No power and no heat. That’s what millions of Texans are facing as a historic winter storm grips the state.

And now there are concerns hotels are jacking up prices as people look to escape the cold. 

“We got the room at the price it was supposed to be booked at. But I did hear about [price gouging]. And it honestly made me completely upset at the fact that there are health care workers that need to get to work safely to be able to take care of people, and if they're price gouging, that's completely unfair,” Gonzalez said. 

Although she says her stay at the Marriott was a good experience, Gonzales admits she is among the very lucky few after she and a few of her coworkers rented a room just days before the storm hit.

“When we got there, it was a little bit chaotic. We saw a lot of people just kind of, like, scrambling to check in. We found out that some of -- a lot of the rooms got booked up. So they were actually turning a couple of people away," Gonzalez told Newsy. 

But other hotels like Wyndham Hotels and Resorts are under intense scrutiny after questions were raised about potential price gouging. 

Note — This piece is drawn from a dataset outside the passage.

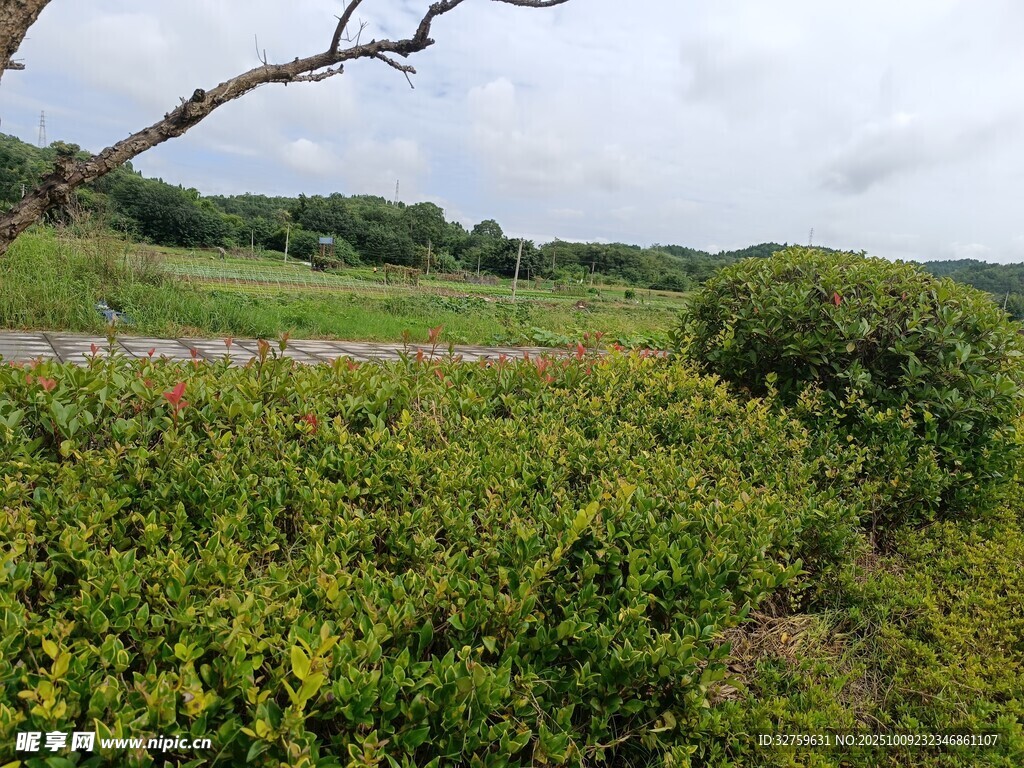 野外繁茂绿植景观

A spokesperson for the Austin hotel said they do not tolerate price gouging. They say they believe the rate increase was an employee error.

The arctic blast first struck the state Monday, dropping temperatures below 5 degrees. 

Around the state: store closures, low supply of firewood and slippery roads.  

“The grocery stores are completely, a lot of people went to the grocery store to take everything. We're kind of going off of some canned goods around here. The commute to work has been nearly impossible," Gonzalez added. 

San Antonio spokesman Laura Mayes tells Newsy the city has opened a warming center to  help those still struggling without heat or electricity.  And as far as hotels attempting to price gouge, the Texas attorney general says they will be prosecuted to the fullest extent of the law.